あす「沖縄慰霊の日」 戦没者24万人以上の名前読み上げ…「戦争止めたい」参加者の思い
6月23日は、79年前の沖縄戦で、旧日本軍の組織的な戦闘が終わったとされる「沖縄慰霊の日」です。戦争の記憶が薄れゆく中、戦没者24万人余りの名前を読み上げる取り組みが広がっています。
22日、沖縄戦最後の激戦地となった糸満市摩文仁。一人ひとり、読み上げられるのは、沖縄戦などで命を落とした人々の名前です。
戦没者の名前を刻む平和の礎(いしじ)。今年は181人増え、24万2225人になりました。全員の読み上げに必要な時間はのべ240時間以上。取り組みは今月1日から始まっていました。
今月11日、那覇市でも住民らが地域の戦没者の名を読み上げました。各地で行われた読み上げには、今年は約5500人が参加。オンライン上でリレーされ、全世界へ発信されています。
参加者「(沖縄戦などで)24万人亡くなったというのは知っていたんですけど、一人ひとりのことを理解して、自分も読めたらなと思って、参加しました」「どういう思いで亡くなったのかなとか、この方々(戦没者)が発信している気持ちって、平和への思いだよなとか、そういう思いがわき上がりました」
今年で3回目となる読み上げの中心メンバーの町田直美さん。始めたきっかけは、ロシアによるウクライナ侵攻でした。
町田直美さん「沖縄戦は本当にもう、地獄を何度も見たというぐらいの戦争の実相を表しているものだと思っているので、それを世界に発信することで、どうにか戦争が止められたらいいなという、沖縄の思いを、やっぱりもっと世界に発信しなきゃだめなんだと」
平和の礎に刻まれた名前は軍人か民間人かを問わず、また国籍や敵味方の区別もありません。沖縄戦で亡くなったアメリカ兵らの読み上げにはアメリカからの参加もありました。
この日、平和の礎の前に「平和学習」で参加した沖縄の中学生。地元の戦没者の名前を読み上げました。

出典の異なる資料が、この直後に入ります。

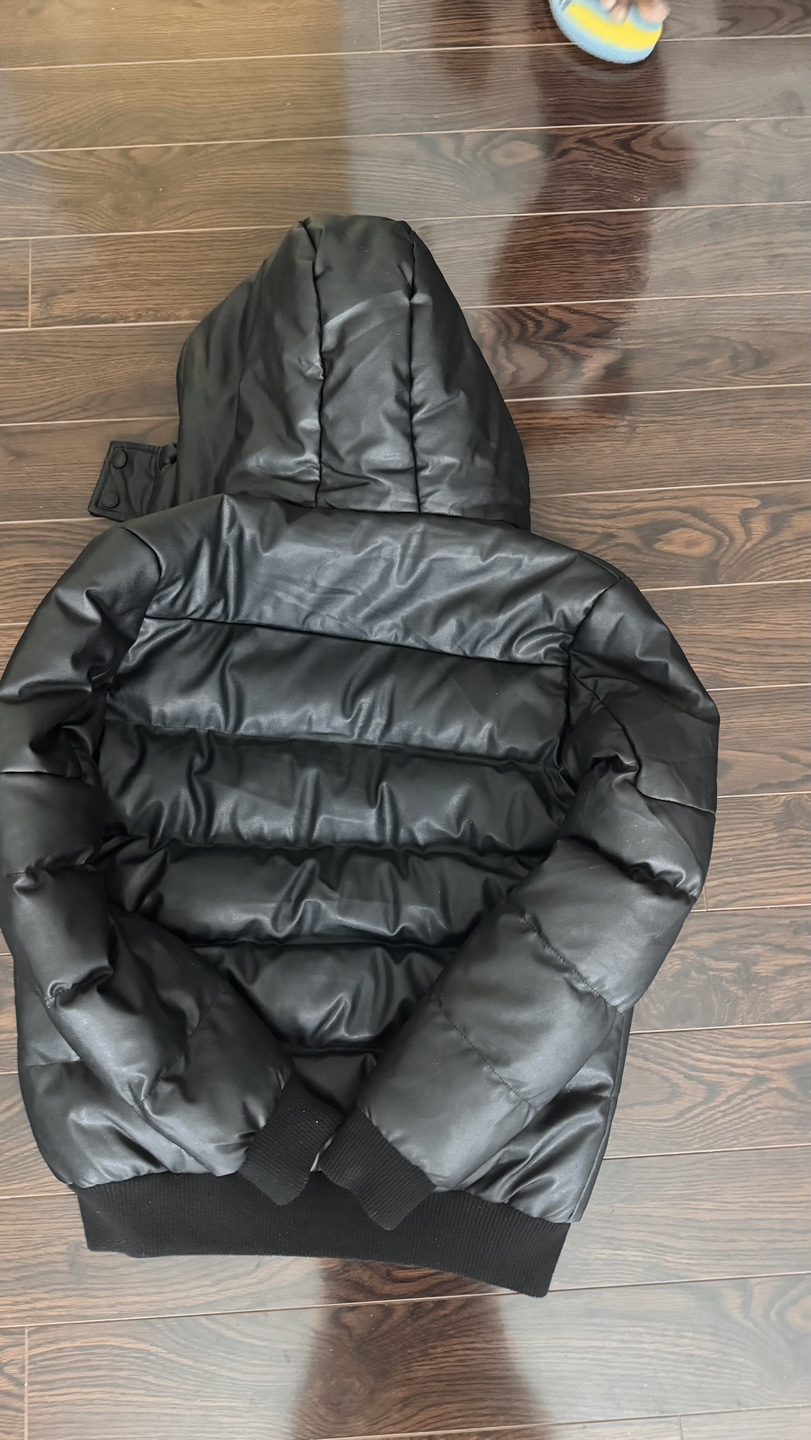 Supply & Demand Black Puffer Jacket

参加した中学生「名前一人ひとりっていうのは、やっぱり重いじゃないですか。命って重いものですし。数で出されるより、数字で出されるより、一人ひとり(の名前)を出されることで、そういう重みがわくのかなと思いました」
久場小百合教諭「読み上げるという行動を起こすことが、さらに、子どもたちの何か、これから自分たちが平和に向けて行動する一歩になればいいなと感じています」
平和への祈りを込め戦没者の名前を呼ぶ声が響く中、沖縄は23日、「慰霊の日」を迎えます。